Untuk dapat mengetahui berapa jumlah penghasilan yang akan dikenakan pajak, terlebih
dahulu harus mengetahui besar PTKP wajib pajak yang bersangkutan.

Besar Penghasilan Tidak Kena Pajak berbeda-beda tergantung status WP tersebut.

Cara mengetahui jumlah Penghasilan Kena Pajak:

● Dari Penghasilan Bruto => dikurangi biaya-biaya => selanjutnya menjadi penghasilan
neto.
● Dari penghasilan neto tersebut => dikurangi PTKP hingga akhirnya diperoleh
Penghasilan Kena Pajak.

Setelah menemukan jumlah Penghasilan Kena Pajak, maka nilai tersebut akan dihitung
pajaknya menggunakan tarif progresif PPh Pasal 17 ayat (1).
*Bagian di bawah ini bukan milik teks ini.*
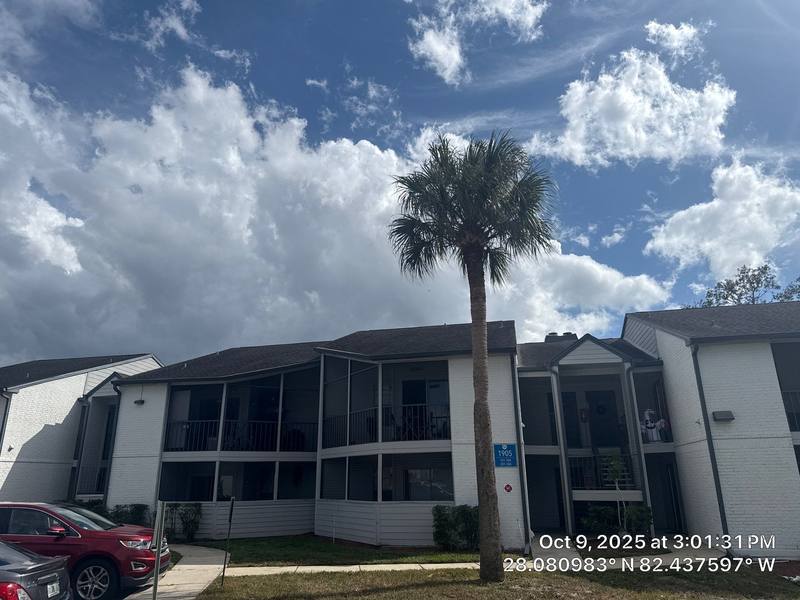 completed roofing project in Lutz FL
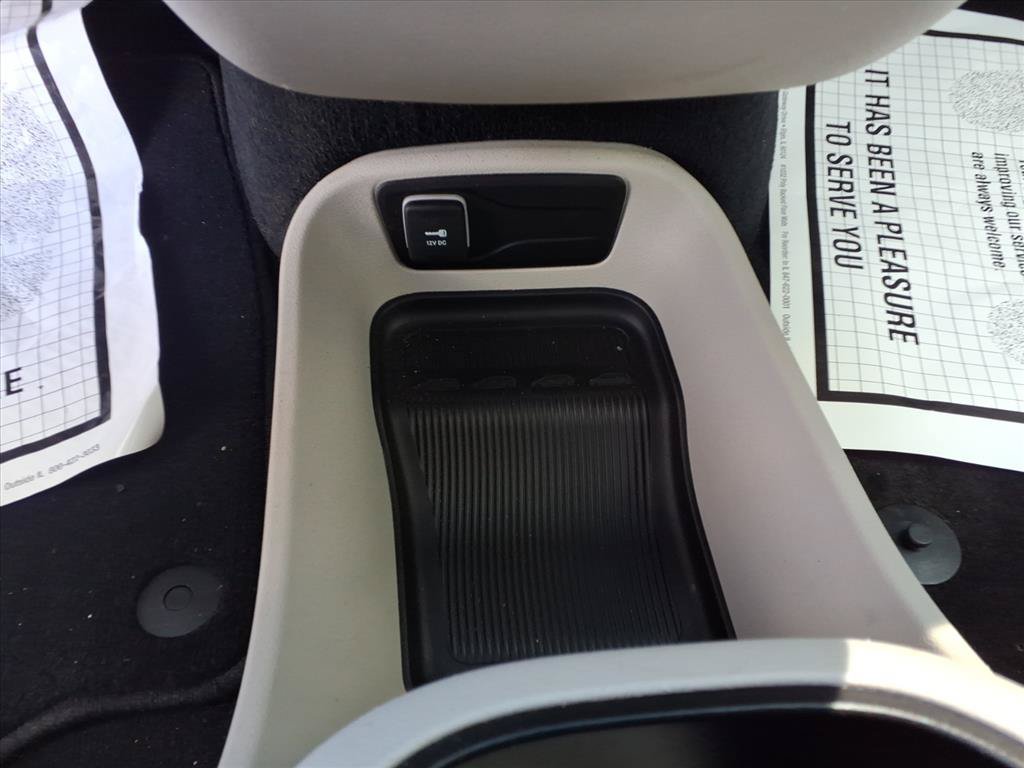 Used 2024 Chrysler Pacifica Touring-L FWD image 11
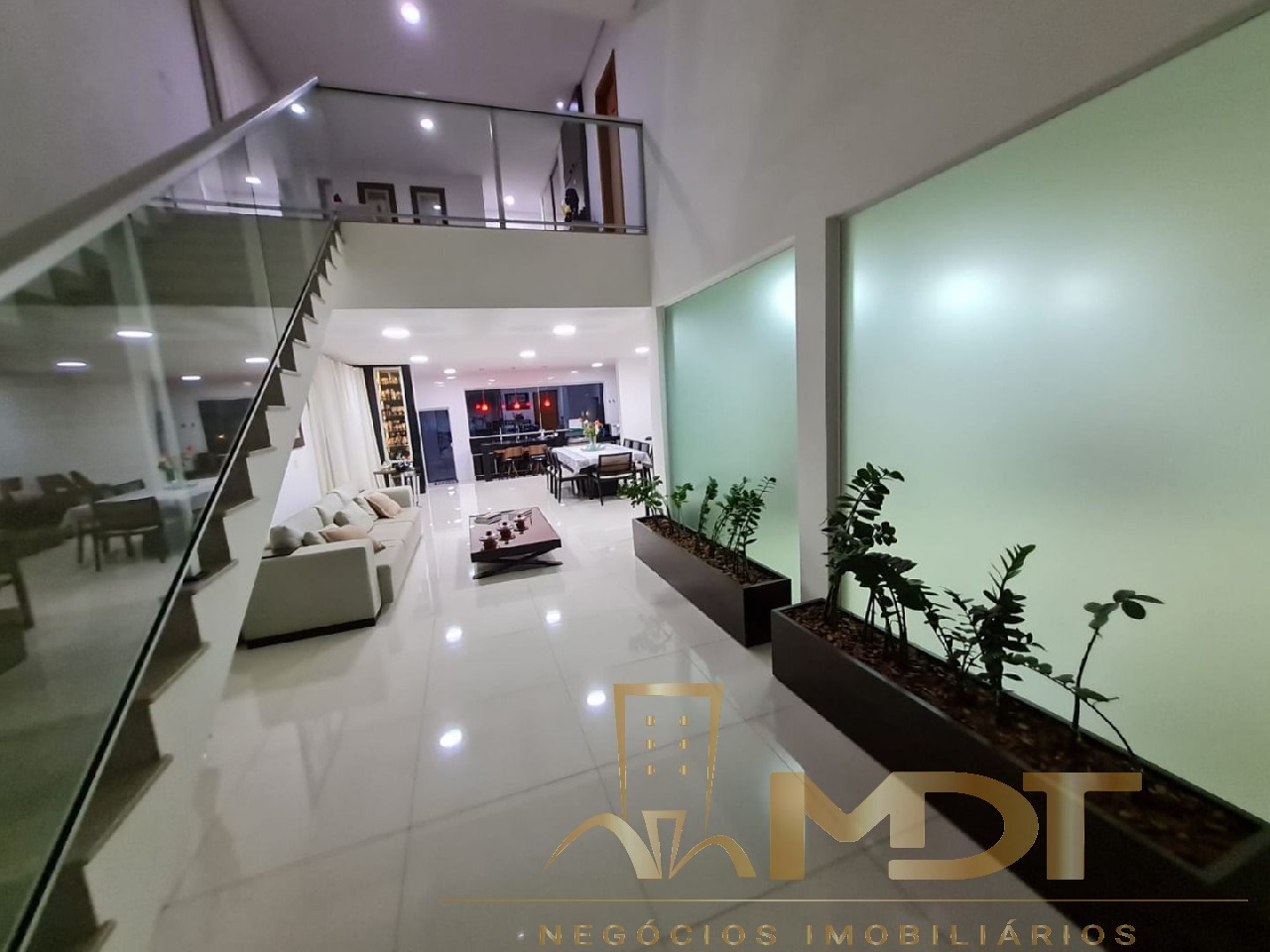 Casa à venda com 4 quartos, 600m² - Foto 9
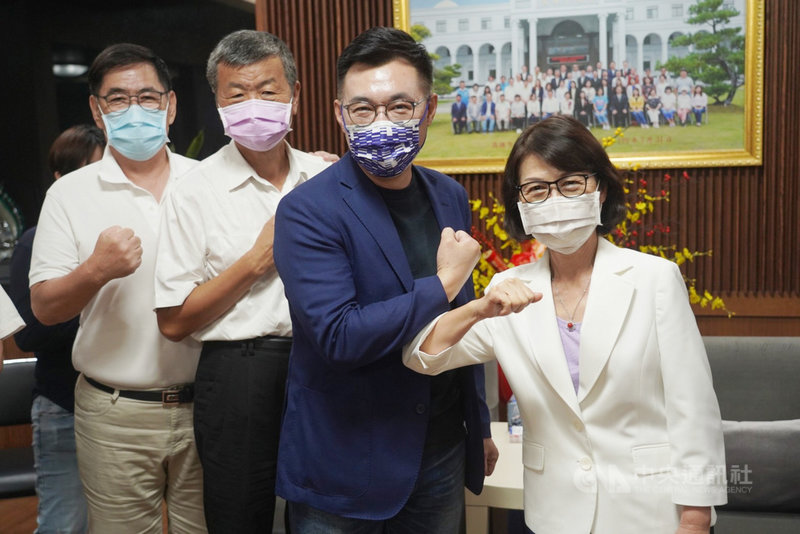 爭取連任的國民黨主席江啟臣(右2)25日前往高雄市議會國民黨團,拜會議長曾麗燕(右)及多名黨籍議員,爭取支持。中央社記者董俊志攝 110年8月25日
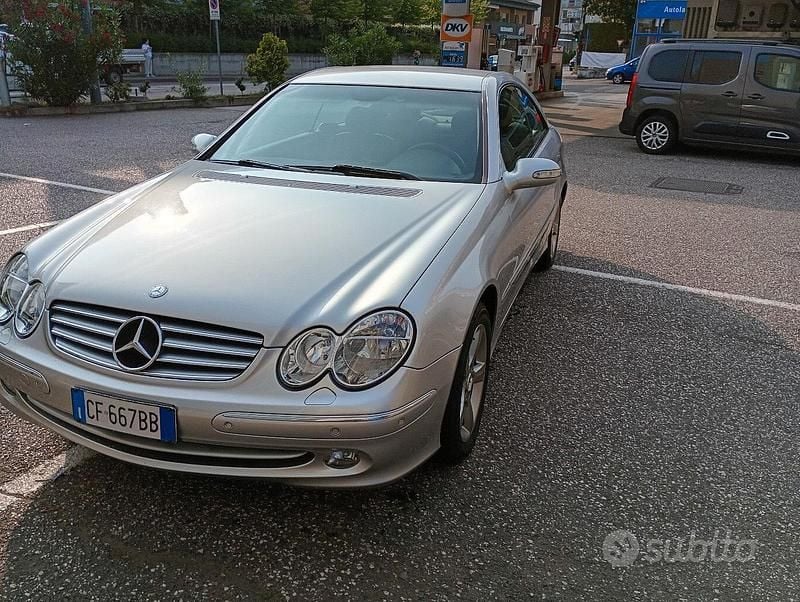Usata Mercedes CLK270 170 CV (125 kW) 2003 Grigio Coupé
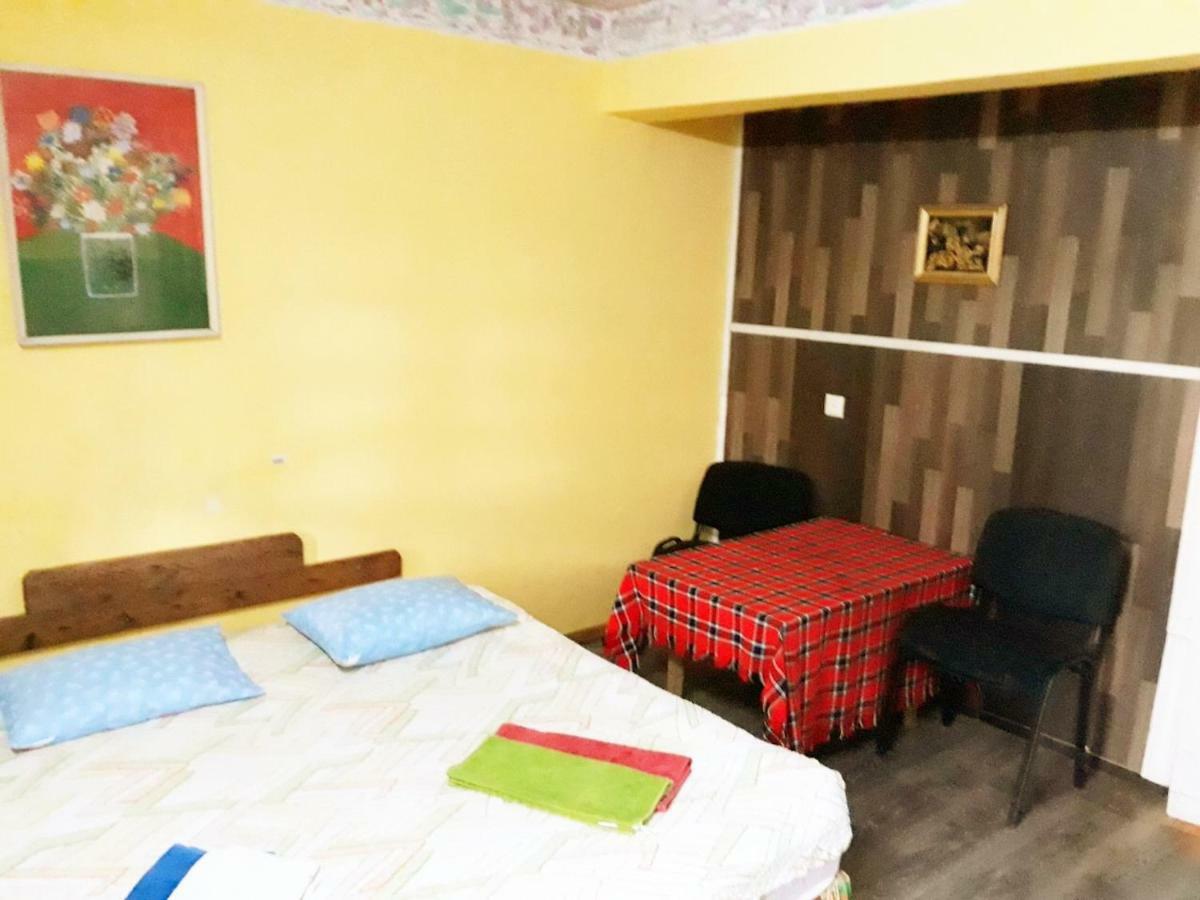 Guesthouse Eco Chakvi Buitenkant foto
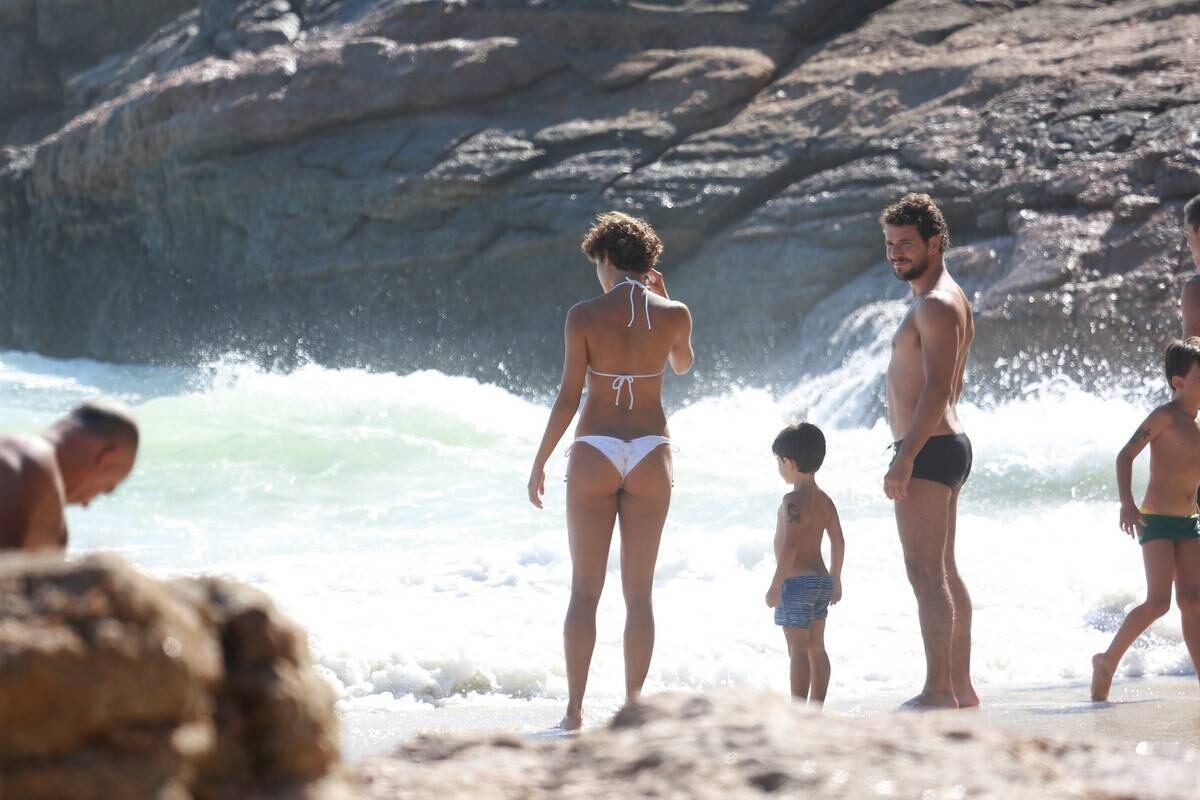 Sophie Charlotte e Daniel de Oliveira se divertem em praia com a família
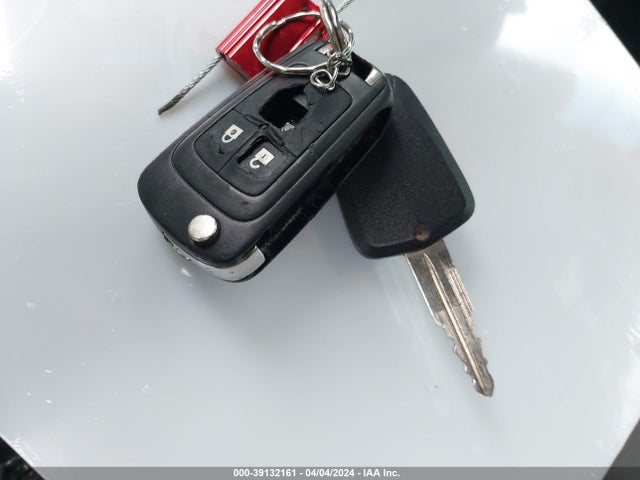 Chevrolet ll0 2014 KL8CD6S94EC408080 Image 23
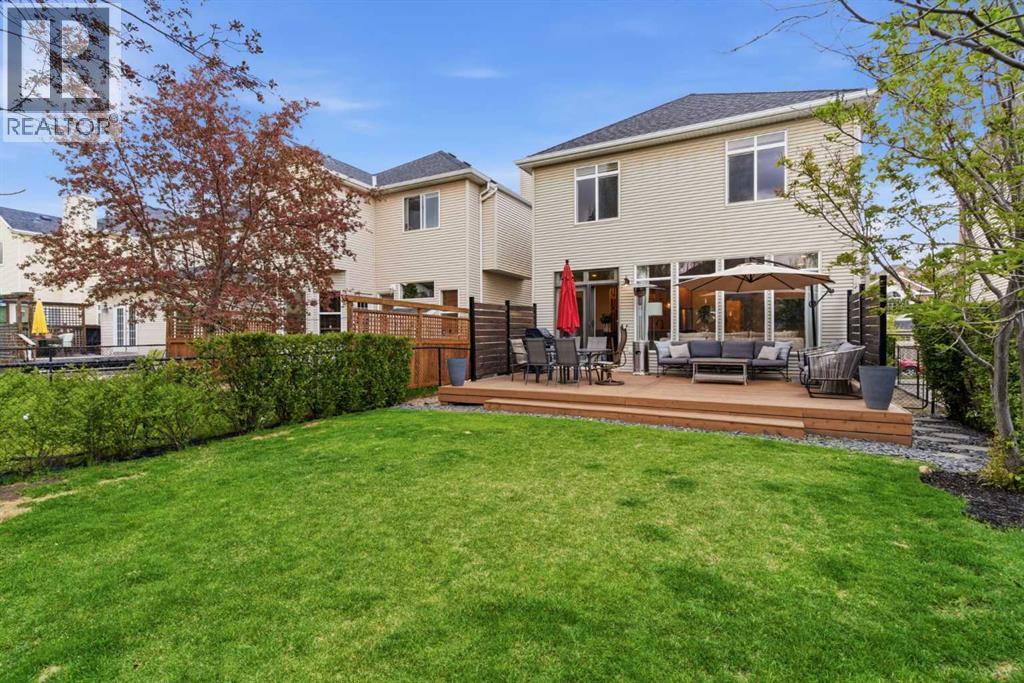53 Discovery Ridge Gardens SW - 45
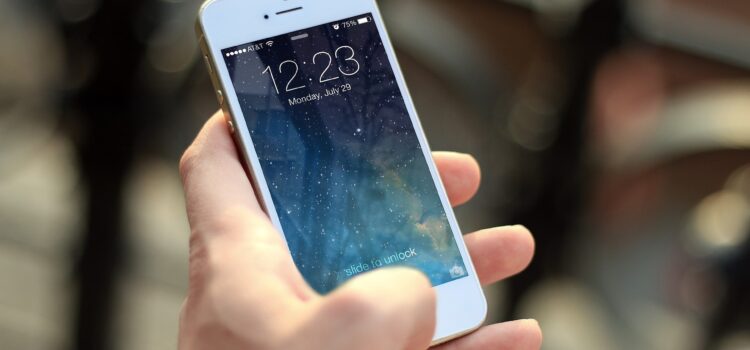 Free Iphone Smartphone photo and picture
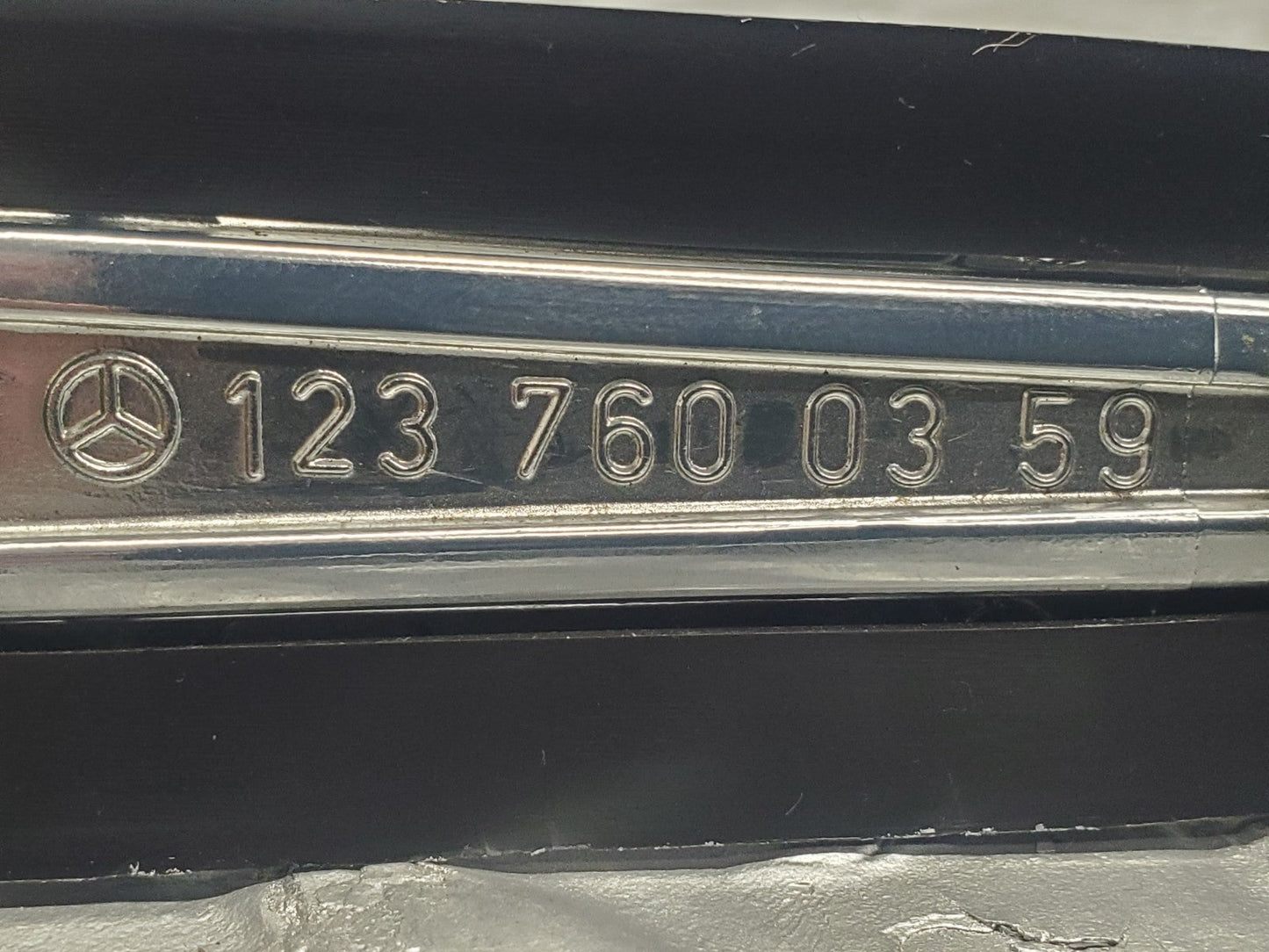 47239043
Sesuai Pasal 17 ayat (1) huruf a UU PPh No. 36/2008, tarif PPh Orang Pribadi Pasal 21
adalah menggunakan tarif progresif, yang akan dikalikan dengan Penghasilan Kena Pajak.
Melalui UU No. 7/2021 tentang HPP, minimal jumlah dan maksimal penghasilan orang
pribadi yang dikenakan PPh 21.

Berikut tarif progresif PPh pasal 21 atau penghasilan kena pajak penghasilan:

● 5% untuk penghasilan kena pajak hingga Rp50.000.000 per tahun


● 15% untuk penghasilan kena pajak Rp50.000.000 – Rp250.000.000 per tahun
● 25% untuk penghasilan kena pajak Rp250.000.000 – Rp500.000.000 per tahun
● 30% untuk penghasilan kena pajak di atas Rp500.000.000 per tahun.

SUMBER : https://klikpajak.id/blog/pengertian-ptkp/

B. PTKP kategori K/I/2 merupakan kode PTKP untuk penghasilan suami dan istri yang
digabung dan memiliki 2 tanggungan. Tarifnya sebesar Rp121.500.000 per tahun.